* **WHAT IS NEEDED**:
Give again, word for word, every line in the entries below from the line with "There are a" up to and including the line with "Whenever a pregnant", and no other line.
DATA IN THIS EXERCISE section start
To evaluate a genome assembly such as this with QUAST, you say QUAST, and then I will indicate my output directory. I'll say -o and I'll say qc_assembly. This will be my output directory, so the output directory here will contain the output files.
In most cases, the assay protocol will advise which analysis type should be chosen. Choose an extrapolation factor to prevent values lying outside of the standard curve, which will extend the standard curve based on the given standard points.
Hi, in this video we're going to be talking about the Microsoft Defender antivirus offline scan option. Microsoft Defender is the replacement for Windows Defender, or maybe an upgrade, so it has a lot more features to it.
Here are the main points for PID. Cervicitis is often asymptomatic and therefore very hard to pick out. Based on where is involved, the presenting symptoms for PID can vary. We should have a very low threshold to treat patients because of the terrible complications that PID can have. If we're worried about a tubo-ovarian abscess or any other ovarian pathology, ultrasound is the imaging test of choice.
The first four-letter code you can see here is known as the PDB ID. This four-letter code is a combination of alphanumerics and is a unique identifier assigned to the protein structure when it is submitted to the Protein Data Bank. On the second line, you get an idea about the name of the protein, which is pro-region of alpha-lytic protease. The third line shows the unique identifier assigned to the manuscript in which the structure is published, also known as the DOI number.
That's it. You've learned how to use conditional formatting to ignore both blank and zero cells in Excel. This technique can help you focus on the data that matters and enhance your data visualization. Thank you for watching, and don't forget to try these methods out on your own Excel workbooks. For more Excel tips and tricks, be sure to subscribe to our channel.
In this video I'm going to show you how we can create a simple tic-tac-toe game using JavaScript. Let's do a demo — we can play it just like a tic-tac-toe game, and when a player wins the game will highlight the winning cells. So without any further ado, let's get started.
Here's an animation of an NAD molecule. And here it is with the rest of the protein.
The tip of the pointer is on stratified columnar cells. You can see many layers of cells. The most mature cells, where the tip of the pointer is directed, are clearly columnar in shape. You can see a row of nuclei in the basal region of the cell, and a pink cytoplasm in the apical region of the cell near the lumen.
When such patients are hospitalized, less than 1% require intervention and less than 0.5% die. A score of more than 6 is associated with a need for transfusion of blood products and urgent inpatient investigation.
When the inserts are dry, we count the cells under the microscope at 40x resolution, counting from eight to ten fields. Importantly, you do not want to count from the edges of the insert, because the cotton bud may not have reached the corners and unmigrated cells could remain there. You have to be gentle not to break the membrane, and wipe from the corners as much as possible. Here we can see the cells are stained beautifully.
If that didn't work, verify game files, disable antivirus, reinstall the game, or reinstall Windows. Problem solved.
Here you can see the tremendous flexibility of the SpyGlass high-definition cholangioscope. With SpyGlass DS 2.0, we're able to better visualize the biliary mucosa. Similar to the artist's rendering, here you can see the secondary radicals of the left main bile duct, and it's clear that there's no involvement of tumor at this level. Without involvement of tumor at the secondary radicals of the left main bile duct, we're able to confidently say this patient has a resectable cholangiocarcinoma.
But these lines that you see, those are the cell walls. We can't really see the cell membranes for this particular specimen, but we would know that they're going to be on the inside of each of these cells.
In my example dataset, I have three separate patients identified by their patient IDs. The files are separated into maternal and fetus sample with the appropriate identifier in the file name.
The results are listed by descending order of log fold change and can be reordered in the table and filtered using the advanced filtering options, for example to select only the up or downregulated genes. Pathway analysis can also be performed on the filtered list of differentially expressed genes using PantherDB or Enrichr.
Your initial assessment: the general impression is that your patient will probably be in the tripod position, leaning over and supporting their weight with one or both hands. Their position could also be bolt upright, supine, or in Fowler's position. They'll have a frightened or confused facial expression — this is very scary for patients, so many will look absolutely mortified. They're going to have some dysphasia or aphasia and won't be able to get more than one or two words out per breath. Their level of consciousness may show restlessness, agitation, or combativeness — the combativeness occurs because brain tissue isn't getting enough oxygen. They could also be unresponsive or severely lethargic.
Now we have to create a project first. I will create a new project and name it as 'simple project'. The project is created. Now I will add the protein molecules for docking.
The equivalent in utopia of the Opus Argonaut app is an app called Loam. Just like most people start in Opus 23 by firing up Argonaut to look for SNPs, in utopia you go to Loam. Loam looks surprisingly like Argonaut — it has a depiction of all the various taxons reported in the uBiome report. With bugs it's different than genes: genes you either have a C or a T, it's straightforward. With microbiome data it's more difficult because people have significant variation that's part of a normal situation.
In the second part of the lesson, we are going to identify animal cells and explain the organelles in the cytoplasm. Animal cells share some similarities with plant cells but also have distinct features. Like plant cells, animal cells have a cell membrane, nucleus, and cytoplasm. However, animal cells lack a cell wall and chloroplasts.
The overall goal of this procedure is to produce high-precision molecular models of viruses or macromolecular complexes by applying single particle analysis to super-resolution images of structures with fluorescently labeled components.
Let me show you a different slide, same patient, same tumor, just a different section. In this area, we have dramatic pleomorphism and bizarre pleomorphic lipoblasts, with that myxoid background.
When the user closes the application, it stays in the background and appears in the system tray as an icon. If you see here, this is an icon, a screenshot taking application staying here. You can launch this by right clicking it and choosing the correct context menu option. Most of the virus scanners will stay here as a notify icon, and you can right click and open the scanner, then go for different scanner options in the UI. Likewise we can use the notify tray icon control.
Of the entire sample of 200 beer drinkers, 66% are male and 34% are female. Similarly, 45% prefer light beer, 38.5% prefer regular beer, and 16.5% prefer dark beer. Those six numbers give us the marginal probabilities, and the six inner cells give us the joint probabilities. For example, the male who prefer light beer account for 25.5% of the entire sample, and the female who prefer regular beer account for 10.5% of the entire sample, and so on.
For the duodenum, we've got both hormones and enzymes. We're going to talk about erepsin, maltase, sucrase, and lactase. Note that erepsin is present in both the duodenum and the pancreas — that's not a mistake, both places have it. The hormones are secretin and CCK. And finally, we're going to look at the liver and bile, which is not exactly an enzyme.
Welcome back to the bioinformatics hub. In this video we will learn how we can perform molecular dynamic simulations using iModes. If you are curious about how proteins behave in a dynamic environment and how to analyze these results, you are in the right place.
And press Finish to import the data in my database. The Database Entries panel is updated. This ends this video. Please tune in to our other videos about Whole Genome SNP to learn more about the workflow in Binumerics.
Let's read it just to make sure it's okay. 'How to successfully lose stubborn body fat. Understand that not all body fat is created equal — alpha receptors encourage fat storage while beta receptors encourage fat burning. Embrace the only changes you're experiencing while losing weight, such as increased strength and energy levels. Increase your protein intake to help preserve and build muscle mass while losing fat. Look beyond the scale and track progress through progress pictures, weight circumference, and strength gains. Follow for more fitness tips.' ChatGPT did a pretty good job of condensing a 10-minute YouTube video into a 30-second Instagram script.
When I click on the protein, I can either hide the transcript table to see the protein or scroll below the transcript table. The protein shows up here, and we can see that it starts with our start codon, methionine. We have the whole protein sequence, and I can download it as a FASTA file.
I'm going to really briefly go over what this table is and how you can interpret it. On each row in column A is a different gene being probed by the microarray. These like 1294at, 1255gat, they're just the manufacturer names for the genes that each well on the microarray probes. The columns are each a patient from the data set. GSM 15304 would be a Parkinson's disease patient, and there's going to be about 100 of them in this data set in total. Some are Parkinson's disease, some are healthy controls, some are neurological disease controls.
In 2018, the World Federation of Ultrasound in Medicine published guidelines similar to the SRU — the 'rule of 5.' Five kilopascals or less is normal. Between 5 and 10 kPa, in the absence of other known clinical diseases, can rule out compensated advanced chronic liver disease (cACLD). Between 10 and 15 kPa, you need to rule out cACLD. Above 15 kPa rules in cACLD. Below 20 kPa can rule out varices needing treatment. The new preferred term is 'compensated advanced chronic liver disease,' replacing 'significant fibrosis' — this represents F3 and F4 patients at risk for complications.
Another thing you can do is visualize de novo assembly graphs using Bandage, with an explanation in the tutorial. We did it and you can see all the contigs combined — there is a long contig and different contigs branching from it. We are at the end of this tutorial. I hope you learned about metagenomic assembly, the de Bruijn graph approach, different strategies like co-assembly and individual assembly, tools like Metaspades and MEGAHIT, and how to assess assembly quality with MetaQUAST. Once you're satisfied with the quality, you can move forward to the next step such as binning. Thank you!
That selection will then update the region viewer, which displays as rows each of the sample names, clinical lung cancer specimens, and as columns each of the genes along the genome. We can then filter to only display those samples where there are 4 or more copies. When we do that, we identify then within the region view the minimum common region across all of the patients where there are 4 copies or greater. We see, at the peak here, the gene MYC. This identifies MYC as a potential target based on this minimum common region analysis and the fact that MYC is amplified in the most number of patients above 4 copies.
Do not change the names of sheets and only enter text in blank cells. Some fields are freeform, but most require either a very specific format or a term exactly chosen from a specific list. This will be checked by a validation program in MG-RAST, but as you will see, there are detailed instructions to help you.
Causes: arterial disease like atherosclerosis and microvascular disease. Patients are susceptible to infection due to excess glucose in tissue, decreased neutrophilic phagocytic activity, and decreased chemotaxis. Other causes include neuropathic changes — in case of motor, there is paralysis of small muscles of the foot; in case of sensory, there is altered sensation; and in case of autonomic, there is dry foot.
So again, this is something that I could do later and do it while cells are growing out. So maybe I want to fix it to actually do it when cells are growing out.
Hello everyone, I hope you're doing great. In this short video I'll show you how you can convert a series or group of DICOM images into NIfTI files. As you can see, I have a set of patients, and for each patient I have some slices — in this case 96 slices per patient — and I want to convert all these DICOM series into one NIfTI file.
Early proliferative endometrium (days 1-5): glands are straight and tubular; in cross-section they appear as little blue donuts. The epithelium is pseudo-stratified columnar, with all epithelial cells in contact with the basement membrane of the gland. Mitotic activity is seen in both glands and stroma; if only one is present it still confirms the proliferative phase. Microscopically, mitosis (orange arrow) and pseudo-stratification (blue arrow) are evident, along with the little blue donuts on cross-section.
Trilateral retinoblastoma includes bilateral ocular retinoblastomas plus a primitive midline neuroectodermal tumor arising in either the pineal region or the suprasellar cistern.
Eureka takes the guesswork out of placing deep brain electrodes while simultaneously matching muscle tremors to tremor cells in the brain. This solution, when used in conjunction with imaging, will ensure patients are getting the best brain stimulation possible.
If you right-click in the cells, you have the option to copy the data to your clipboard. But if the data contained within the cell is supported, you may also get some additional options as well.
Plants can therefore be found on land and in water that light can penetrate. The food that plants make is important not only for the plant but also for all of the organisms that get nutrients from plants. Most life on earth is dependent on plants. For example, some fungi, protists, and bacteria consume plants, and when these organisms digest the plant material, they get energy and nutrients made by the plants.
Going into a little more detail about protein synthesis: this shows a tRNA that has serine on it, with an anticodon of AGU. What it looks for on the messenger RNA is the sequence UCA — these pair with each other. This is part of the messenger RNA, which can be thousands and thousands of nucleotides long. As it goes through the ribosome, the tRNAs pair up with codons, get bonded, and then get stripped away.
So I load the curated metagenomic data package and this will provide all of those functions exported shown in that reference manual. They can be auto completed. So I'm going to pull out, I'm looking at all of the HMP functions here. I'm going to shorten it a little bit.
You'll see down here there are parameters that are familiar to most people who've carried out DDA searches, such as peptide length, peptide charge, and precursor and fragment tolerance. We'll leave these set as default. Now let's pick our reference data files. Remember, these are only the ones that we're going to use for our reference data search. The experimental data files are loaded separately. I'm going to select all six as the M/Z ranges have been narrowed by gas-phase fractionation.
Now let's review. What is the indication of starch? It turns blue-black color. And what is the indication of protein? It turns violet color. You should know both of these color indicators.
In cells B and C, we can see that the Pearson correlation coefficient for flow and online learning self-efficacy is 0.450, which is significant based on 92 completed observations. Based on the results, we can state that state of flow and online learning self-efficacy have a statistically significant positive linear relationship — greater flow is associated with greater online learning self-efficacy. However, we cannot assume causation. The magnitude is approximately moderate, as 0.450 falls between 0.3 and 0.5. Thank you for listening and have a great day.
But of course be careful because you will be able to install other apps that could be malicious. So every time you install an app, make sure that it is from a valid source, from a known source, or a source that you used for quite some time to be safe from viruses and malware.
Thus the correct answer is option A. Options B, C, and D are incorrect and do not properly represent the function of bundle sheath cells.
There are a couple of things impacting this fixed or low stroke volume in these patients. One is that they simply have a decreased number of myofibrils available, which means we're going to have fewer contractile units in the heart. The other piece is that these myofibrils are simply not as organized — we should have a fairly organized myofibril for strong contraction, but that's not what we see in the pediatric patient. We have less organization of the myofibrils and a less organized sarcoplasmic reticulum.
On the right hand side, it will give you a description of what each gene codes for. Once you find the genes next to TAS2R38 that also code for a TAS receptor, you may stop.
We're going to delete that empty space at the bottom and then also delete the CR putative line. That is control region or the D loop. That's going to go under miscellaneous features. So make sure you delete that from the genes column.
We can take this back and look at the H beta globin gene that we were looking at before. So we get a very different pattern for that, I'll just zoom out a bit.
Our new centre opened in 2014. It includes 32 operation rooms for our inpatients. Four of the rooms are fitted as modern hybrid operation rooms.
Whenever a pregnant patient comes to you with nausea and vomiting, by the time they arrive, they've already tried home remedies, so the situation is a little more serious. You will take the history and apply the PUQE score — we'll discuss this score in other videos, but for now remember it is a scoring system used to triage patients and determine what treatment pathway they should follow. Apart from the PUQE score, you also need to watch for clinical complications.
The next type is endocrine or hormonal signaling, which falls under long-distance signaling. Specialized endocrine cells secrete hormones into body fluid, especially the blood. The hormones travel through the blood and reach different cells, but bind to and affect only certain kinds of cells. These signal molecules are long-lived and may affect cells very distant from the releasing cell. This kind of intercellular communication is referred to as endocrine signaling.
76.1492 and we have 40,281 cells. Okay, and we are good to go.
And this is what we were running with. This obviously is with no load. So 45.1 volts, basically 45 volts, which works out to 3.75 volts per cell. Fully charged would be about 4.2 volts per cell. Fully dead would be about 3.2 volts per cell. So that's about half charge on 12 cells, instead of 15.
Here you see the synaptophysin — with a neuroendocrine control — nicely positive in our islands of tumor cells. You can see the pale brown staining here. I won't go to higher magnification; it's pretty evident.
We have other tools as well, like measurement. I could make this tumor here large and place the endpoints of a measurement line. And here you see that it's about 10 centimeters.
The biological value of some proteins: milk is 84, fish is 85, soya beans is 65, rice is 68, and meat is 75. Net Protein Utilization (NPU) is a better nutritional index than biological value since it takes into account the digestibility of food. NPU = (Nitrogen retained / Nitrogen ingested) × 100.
DATA IN THIS EXERCISE section end
* **ANSWER AREA**:
There are a couple of things impacting this fixed or low stroke volume in these patients. One is that they simply have a decreased number of myofibrils available, which means we're going to have fewer contractile units in the heart. The other piece is that these myofibrils are simply not as organized — we should have a fairly organized myofibril for strong contraction, but that's not what we see in the pediatric patient. We have less organization of the myofibrils and a less organized sarcoplasmic reticulum.
On the right hand side, it will give you a description of what each gene codes for. Once you find the genes next to TAS2R38 that also code for a TAS receptor, you may stop.
We're going to delete that empty space at the bottom and then also delete the CR putative line. That is control region or the D loop. That's going to go under miscellaneous features. So make sure you delete that from the genes column.
We can take this back and look at the H beta globin gene that we were looking at before. So we get a very different pattern for that, I'll just zoom out a bit.
Our new centre opened in 2014. It includes 32 operation rooms for our inpatients. Four of the rooms are fitted as modern hybrid operation rooms.
Whenever a pregnant patient comes to you with nausea and vomiting, by the time they arrive, they've already tried home remedies, so the situation is a little more serious. You will take the history and apply the PUQE score — we'll discuss this score in other videos, but for now remember it is a scoring system used to triage patients and determine what treatment pathway they should follow. Apart from the PUQE score, you also need to watch for clinical complications.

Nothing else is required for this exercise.